Sr. Presidente, a nossa proposta distingue-se de outras pendentes, desde logo pelo seguinte: por um lado, não apresentamos nada que implique um juízo de desvalorização daquilo que consideramos um adquirido da revisão constitucional de 1992. Ou seja, em 1992 - e todos conhecem a proposta originariamente apresentada pelo Grupo Parlamentar do PS, nessa sede -, inserimos, no artigo 166.º (e não, aliás, no artigo 164.º), uma norma que incluiu entre as competências da Assembleia da República a de "acompanhar e apreciar, nos termos da lei, a participação de Portugal no processo de construção da união europeia", e, por outro lado, inserimos, no artigo 200.º, alínea i), um novo preceito que cometeu ao Governo o dever de "apresentar, em tempo útil, à Assembleia da República, para efeitos do disposto na alínea f) do artigo 166.º, informação referente ao processo de construção da união europeia". Não fazemos destas normas qualquer interpretação redutora, votámos a favor delas, e não contra elas, e, nessa conjuntura em que as normas foram aprovadas, tudo fizemos para que lhes fosse dada uma interpretação não perversa e, bem ao contrário, uma interpretação que maximizasse a intervenção parlamentar no processo de apreciação da construção europeia. Na sequência disso, aprovámos - por largo consenso, de resto - uma lei que reforçou, em diversos vectores, a intervenção parlamentar no processo de construção europeia, honrando, portanto, a melhor interpretação, aliás, a boa e, devo dizê-lo, a única interpretação, porque outras interpretações aventadas, designadamente em sede de votação de revisão constitucional, eram, no mínimo, de limitação perversa de conteúdos constitucionais.
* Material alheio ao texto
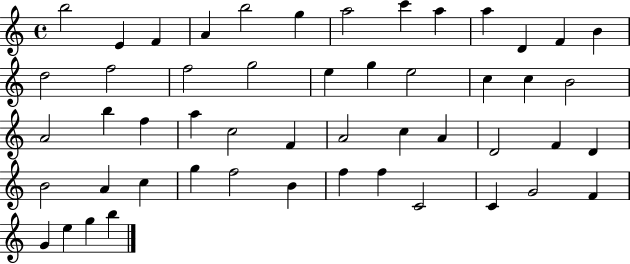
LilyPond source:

{
  \clef treble
  \time 4/4
  \defaultTimeSignature
  \key c \major
  b''2 e'4 f'4 | a'4 b''2 g''4 | a''2 c'''4 a''4 | a''4 d'4 f'4 b'4 | \break d''2 f''2 | f''2 g''2 | e''4 g''4 e''2 | c''4 c''4 b'2 | \break a'2 b''4 f''4 | a''4 c''2 f'4 | a'2 c''4 a'4 | d'2 f'4 d'4 | \break b'2 a'4 c''4 | g''4 f''2 b'4 | f''4 f''4 c'2 | c'4 g'2 f'4 | \break g'4 e''4 g''4 b''4 | \bar "|."
}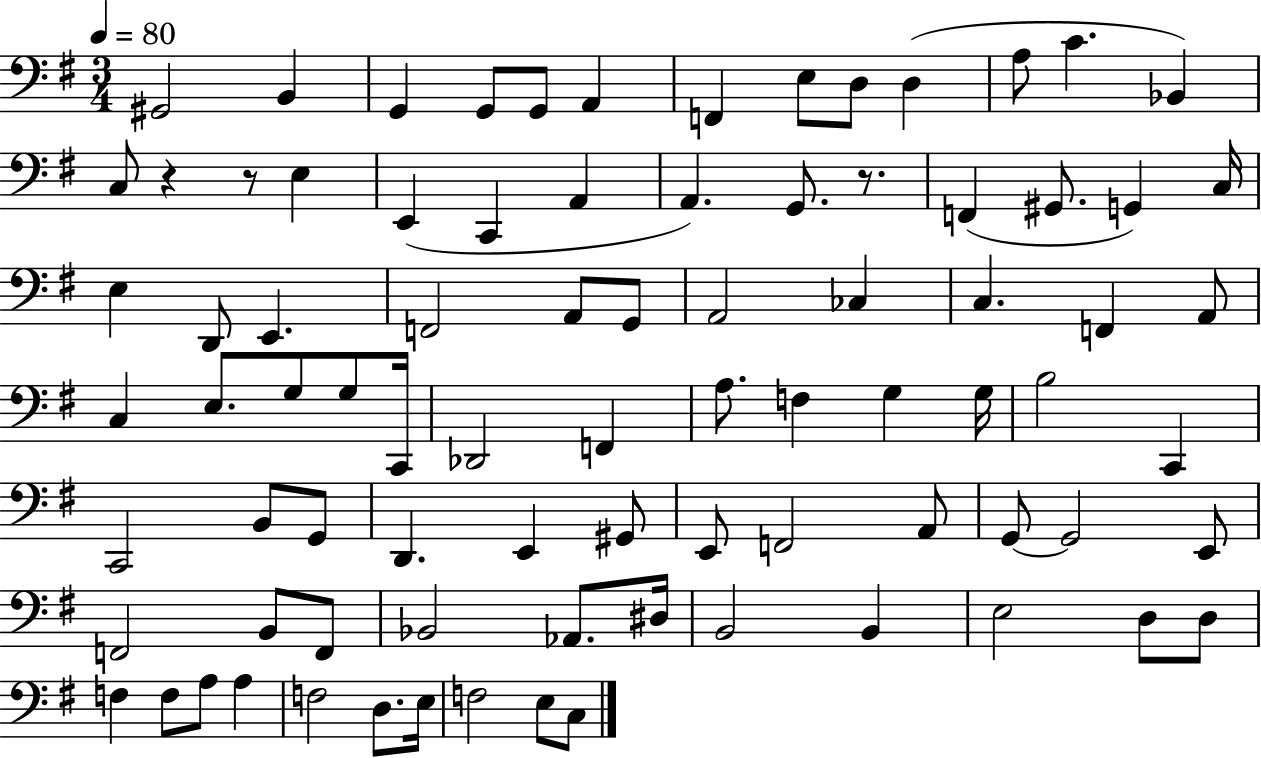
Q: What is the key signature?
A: G major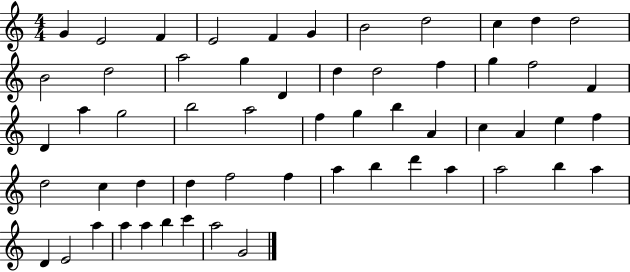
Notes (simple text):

G4/q E4/h F4/q E4/h F4/q G4/q B4/h D5/h C5/q D5/q D5/h B4/h D5/h A5/h G5/q D4/q D5/q D5/h F5/q G5/q F5/h F4/q D4/q A5/q G5/h B5/h A5/h F5/q G5/q B5/q A4/q C5/q A4/q E5/q F5/q D5/h C5/q D5/q D5/q F5/h F5/q A5/q B5/q D6/q A5/q A5/h B5/q A5/q D4/q E4/h A5/q A5/q A5/q B5/q C6/q A5/h G4/h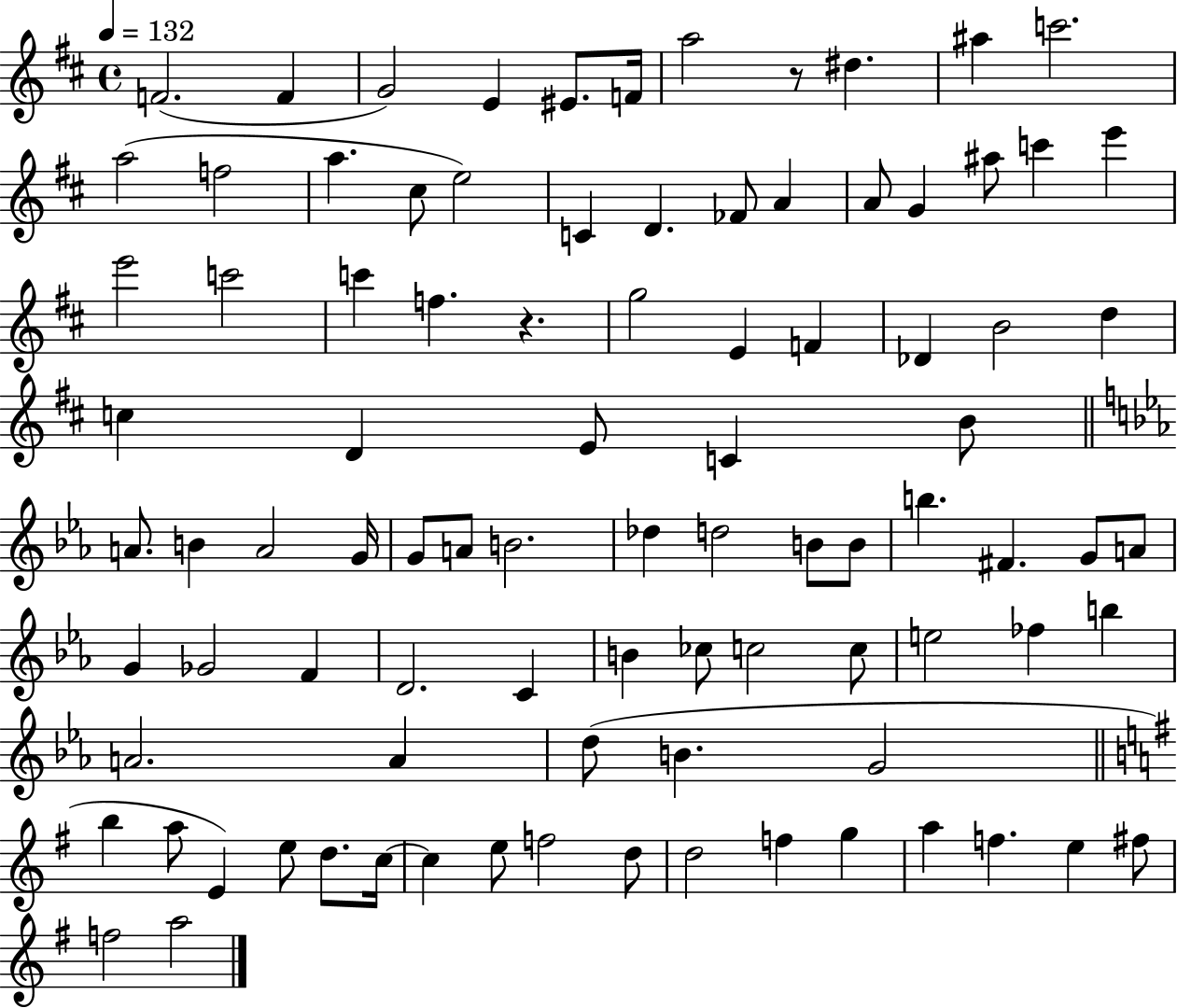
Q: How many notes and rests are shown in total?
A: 92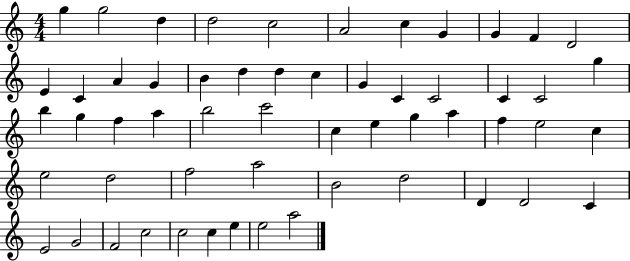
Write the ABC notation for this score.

X:1
T:Untitled
M:4/4
L:1/4
K:C
g g2 d d2 c2 A2 c G G F D2 E C A G B d d c G C C2 C C2 g b g f a b2 c'2 c e g a f e2 c e2 d2 f2 a2 B2 d2 D D2 C E2 G2 F2 c2 c2 c e e2 a2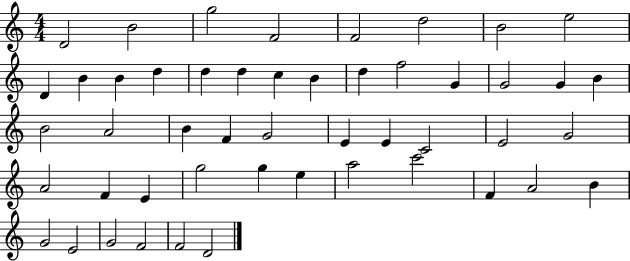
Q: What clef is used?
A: treble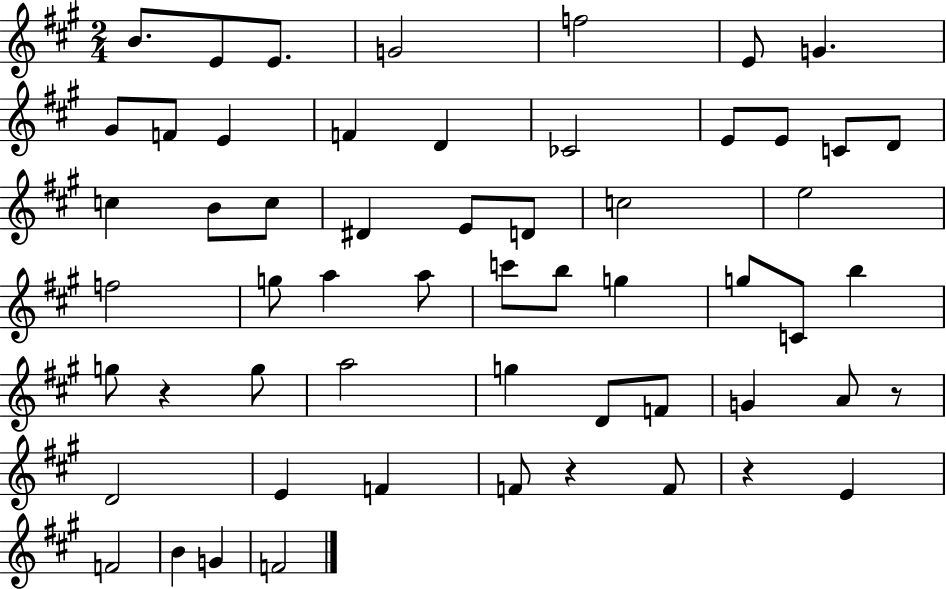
X:1
T:Untitled
M:2/4
L:1/4
K:A
B/2 E/2 E/2 G2 f2 E/2 G ^G/2 F/2 E F D _C2 E/2 E/2 C/2 D/2 c B/2 c/2 ^D E/2 D/2 c2 e2 f2 g/2 a a/2 c'/2 b/2 g g/2 C/2 b g/2 z g/2 a2 g D/2 F/2 G A/2 z/2 D2 E F F/2 z F/2 z E F2 B G F2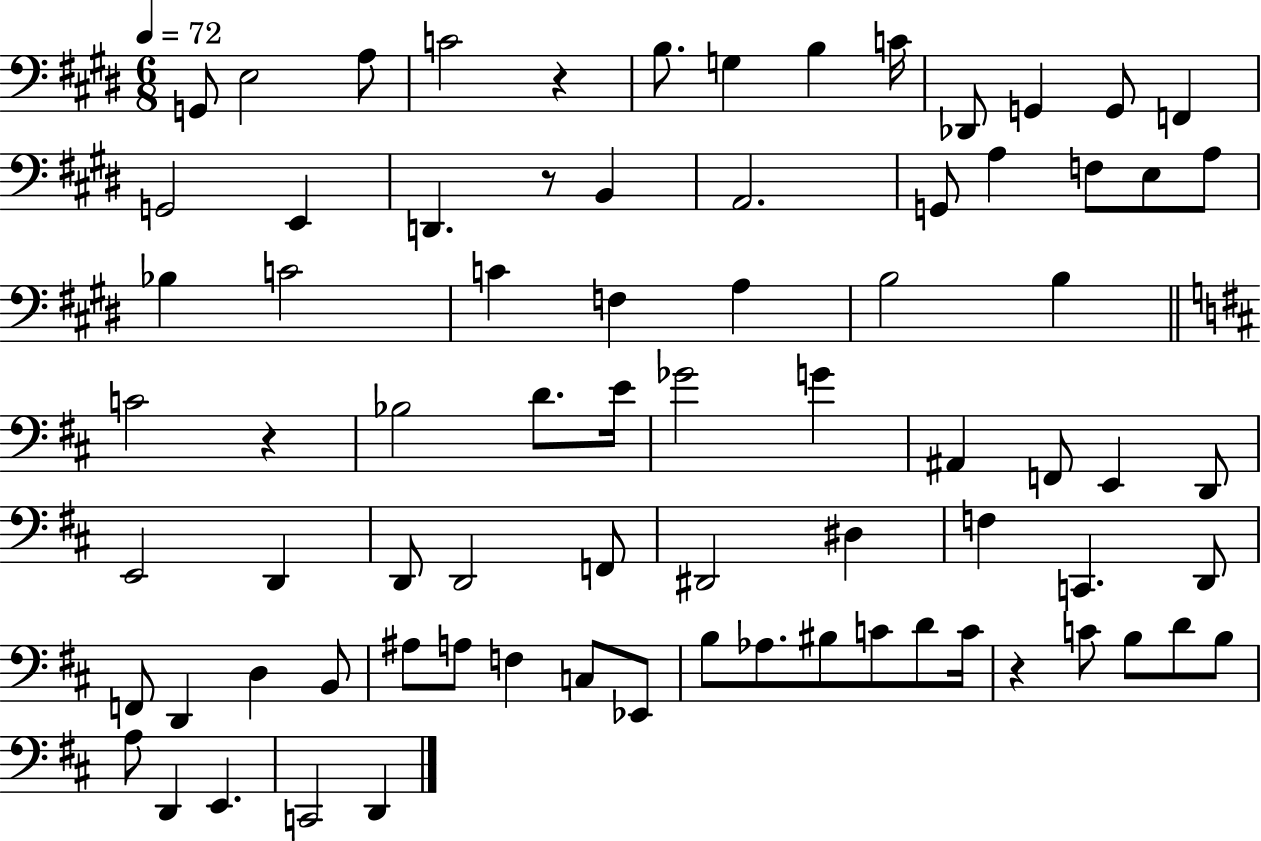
G2/e E3/h A3/e C4/h R/q B3/e. G3/q B3/q C4/s Db2/e G2/q G2/e F2/q G2/h E2/q D2/q. R/e B2/q A2/h. G2/e A3/q F3/e E3/e A3/e Bb3/q C4/h C4/q F3/q A3/q B3/h B3/q C4/h R/q Bb3/h D4/e. E4/s Gb4/h G4/q A#2/q F2/e E2/q D2/e E2/h D2/q D2/e D2/h F2/e D#2/h D#3/q F3/q C2/q. D2/e F2/e D2/q D3/q B2/e A#3/e A3/e F3/q C3/e Eb2/e B3/e Ab3/e. BIS3/e C4/e D4/e C4/s R/q C4/e B3/e D4/e B3/e A3/e D2/q E2/q. C2/h D2/q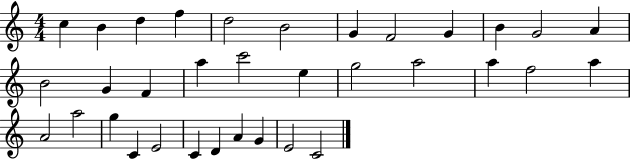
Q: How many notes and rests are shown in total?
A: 34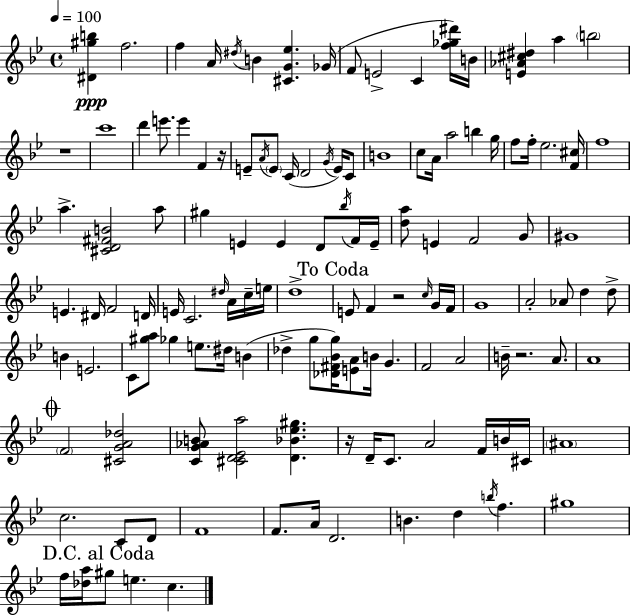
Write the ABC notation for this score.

X:1
T:Untitled
M:4/4
L:1/4
K:Bb
[^D^gb] f2 f A/4 ^d/4 B [^CG_e] _G/4 F/2 E2 C [f_g^d']/4 B/4 [E_A^c^d] a b2 z4 c'4 d' e'/2 e' F z/4 E/2 A/4 E/2 C/4 D2 G/4 E/4 C/2 B4 c/2 A/4 a2 b g/4 f/2 f/4 _e2 [F^c]/4 f4 a [^CD^FB]2 a/2 ^g E E D/2 _b/4 F/4 E/4 [da]/2 E F2 G/2 ^G4 E ^D/4 F2 D/4 E/4 C2 ^d/4 A/4 c/4 e/4 d4 E/2 F z2 c/4 G/4 F/4 G4 A2 _A/2 d d/2 B E2 C/2 [^ga]/2 _g e/2 ^d/4 B _d g/2 [_D^F_Bg]/4 [EA]/2 B/4 G F2 A2 B/4 z2 A/2 A4 F2 [^CGA_d]2 [CG_AB]/2 [^CD_Ea]2 [D_B_e^g] z/4 D/4 C/2 A2 F/4 B/4 ^C/4 ^A4 c2 C/2 D/2 F4 F/2 A/4 D2 B d b/4 f ^g4 f/4 [_da]/4 ^g/2 e c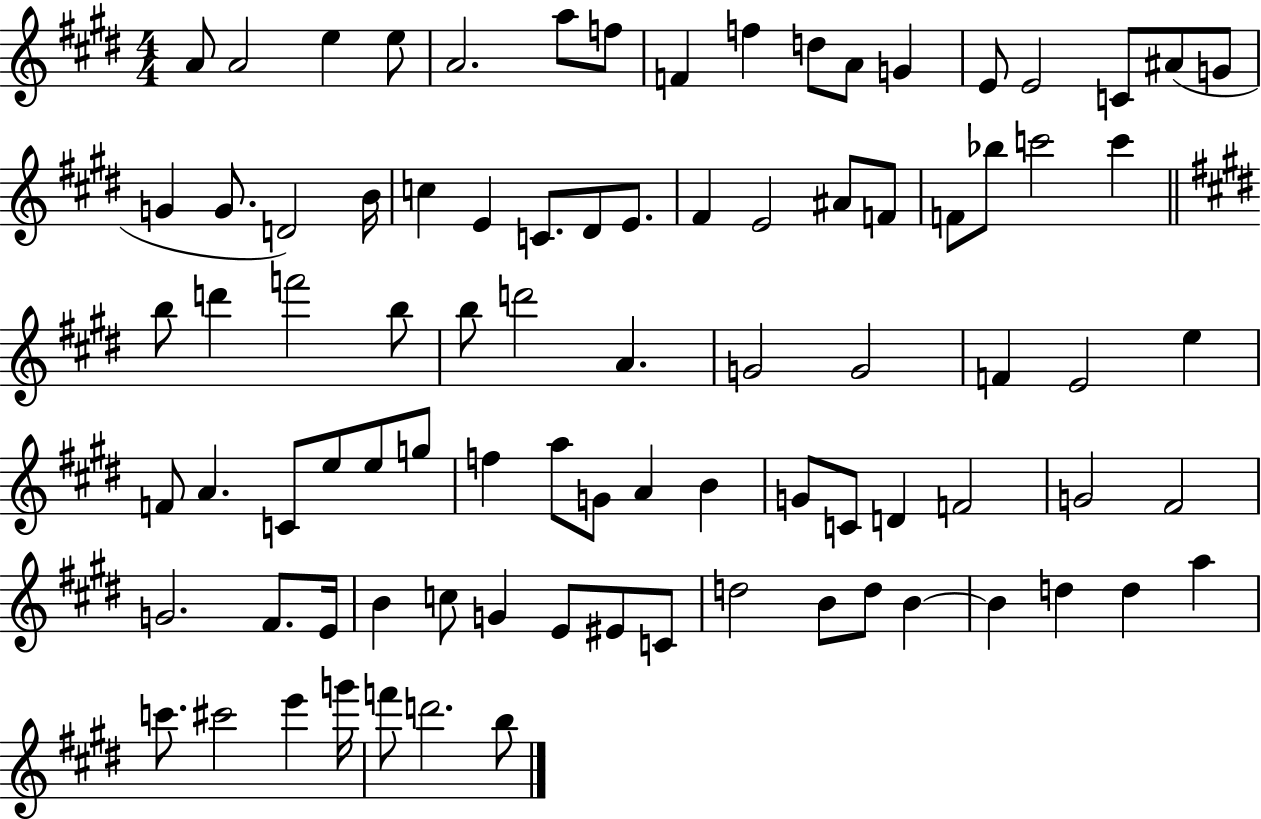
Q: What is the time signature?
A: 4/4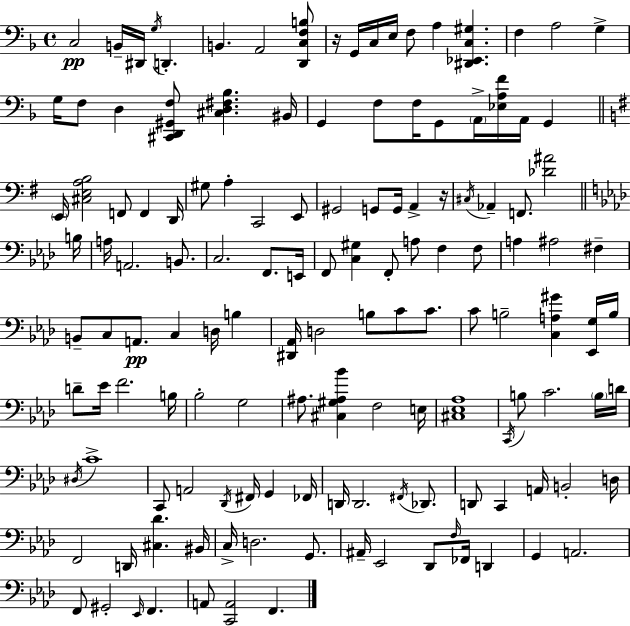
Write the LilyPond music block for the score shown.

{
  \clef bass
  \time 4/4
  \defaultTimeSignature
  \key f \major
  c2\pp b,16-- dis,16 \acciaccatura { g16 } d,4.-. | b,4. a,2 <d, c f b>8 | r16 g,16 c16 e16 f8 a4 <dis, ees, c gis>4. | f4 a2 g4-> | \break g16 f8 d4 <cis, d, gis, f>8 <cis d fis bes>4. | bis,16 g,4 f8 f16 g,8 \parenthesize a,16-> <ees a f'>16 a,16 g,4 | \bar "||" \break \key e \minor \parenthesize e,16 <cis e a b>2 f,8 f,4 d,16 | gis8 a4-. c,2 e,8 | gis,2 g,8 g,16 a,4-> r16 | \acciaccatura { cis16 } aes,4-- f,8. <des' ais'>2 | \break \bar "||" \break \key aes \major b16 a16 a,2. b,8. | c2. f,8. | e,16 f,8 <c gis>4 f,8-. a8 f4 f8 | a4 ais2 fis4-- | \break b,8-- c8 a,8.\pp c4 d16 b4 | <dis, aes,>16 d2 b8 c'8 c'8. | c'8 b2-- <c a gis'>4 <ees, g>16 | b16 d'8-- ees'16 f'2. | \break b16 bes2-. g2 | ais8. <cis gis ais bes'>4 f2 | e16 <cis ees aes>1 | \acciaccatura { c,16 } b8 c'2. | \break \parenthesize b16 d'16 \acciaccatura { dis16 } c'1-> | c,8 a,2 \acciaccatura { des,16 } fis,16 g,4 | fes,16 d,16 d,2. | \acciaccatura { fis,16 } des,8. d,8 c,4 a,16 b,2-. | \break d16 f,2 d,16 <cis des'>4. | bis,16 c16-> d2. | g,8. ais,16-- ees,2 des,8 | \grace { f16 } fes,16 d,4 g,4 a,2. | \break f,8 gis,2-. | \grace { ees,16 } f,4. a,8 <c, a,>2 | f,4. \bar "|."
}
Assim, ao apresentarmos a nossa proposta, assentamos nos seguintes princípios: primeiro, damos grande importância às normas contidas tanto no artigo 200.º como no artigo 166.º da Constituição, a respeito desta matéria; por outro lado, pretendemos ir mais além e, por isso, inserimos esta norma nova, como alínea p) do artigo 164.º. O que é que caracteriza essa norma nova e o que é que a distingue de outras aventadas por outros partidos? Ela procura um equilíbrio - equilíbrio esse que não é fácil de obter no sistema constitucional português, designadamente até tendo em conta algumas das coisas que discutimos e que são adquiridos históricos ou, em certos casos, vícios históricos, que o Sr. Presidente, há pouco, narrava a propósito de um tema diferente, o da matéria de tratados técnico-juridicamente qualificados como tais - que, majorando a intervenção parlamentar, garanta informação em tempo útil, intervenção em tempo útil, juízos políticos emitidos em tempo útil e, por isso, eficazmente, sem reduzir a mínimos impraticáveis a capacidade de intervenção negocial do Governo - designadamente aquela que possa implicar, desse ponto de vista, a consecução de soluções que sejam o resultado da formação de vontades, no conspecto comunitário, numa galáxia de interesses interligados, que nem sempre é susceptível de leituras redutoras ponto a ponto, caso a caso, tema a tema, como bem sabem acontecer com alguma frequência - e nenhuma força política poder deixar de admitir que, nessas circunstâncias, a capacidade negocial portuguesa tenha de ser gerida com substancial agilidade, mas sem prejuízo da capacidade do Parlamento de se pronunciar previamente sobre matérias que incidam na esfera da sua competência legislativa reservada.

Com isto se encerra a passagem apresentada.